Task item – Transcribe nothing except the lines below that run from the one with "Thorfin y Gudrid" to the one with "Darya Textured Balloon", ends included, and do not copy any picture.

Materials provided –
═══
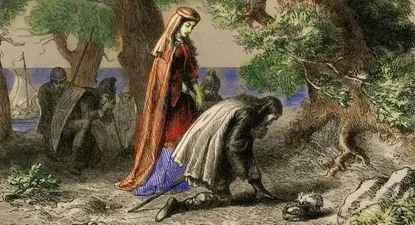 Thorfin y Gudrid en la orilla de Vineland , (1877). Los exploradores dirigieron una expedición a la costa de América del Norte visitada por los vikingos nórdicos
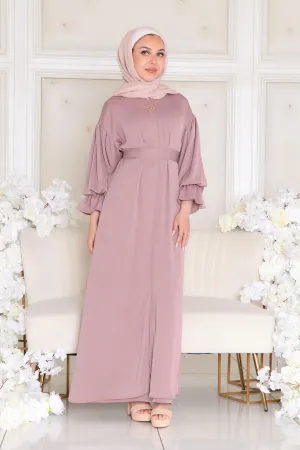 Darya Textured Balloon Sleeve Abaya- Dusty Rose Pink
═══
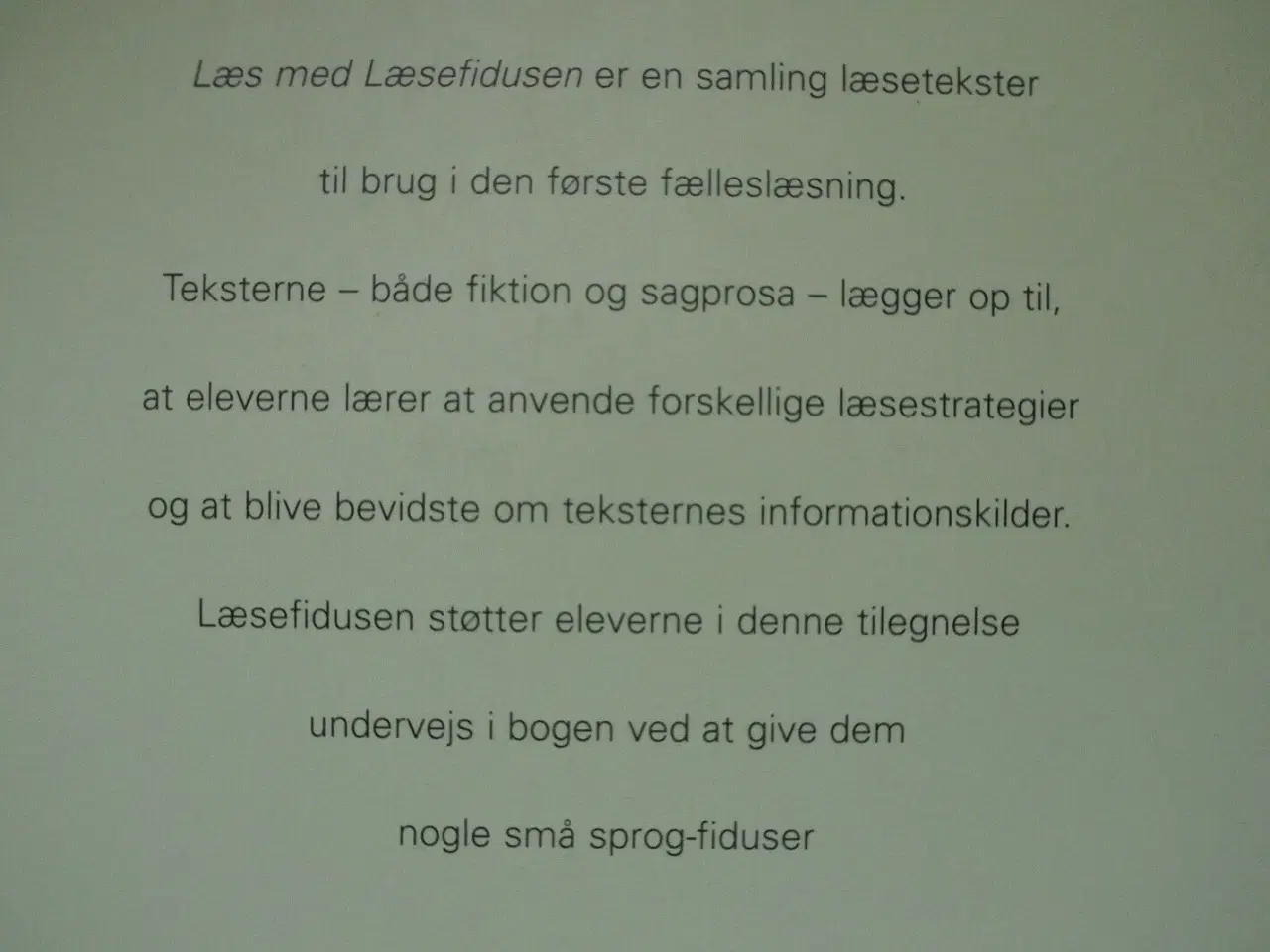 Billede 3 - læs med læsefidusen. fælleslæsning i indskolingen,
═══
Written answer –
 Thorfin y Gudrid en la orilla de Vineland , (1877). Los exploradores dirigieron una expedición a la costa de América del Norte visitada por los vikingos nórdicos
 Darya Textured Balloon Sleeve Abaya- Dusty Rose Pink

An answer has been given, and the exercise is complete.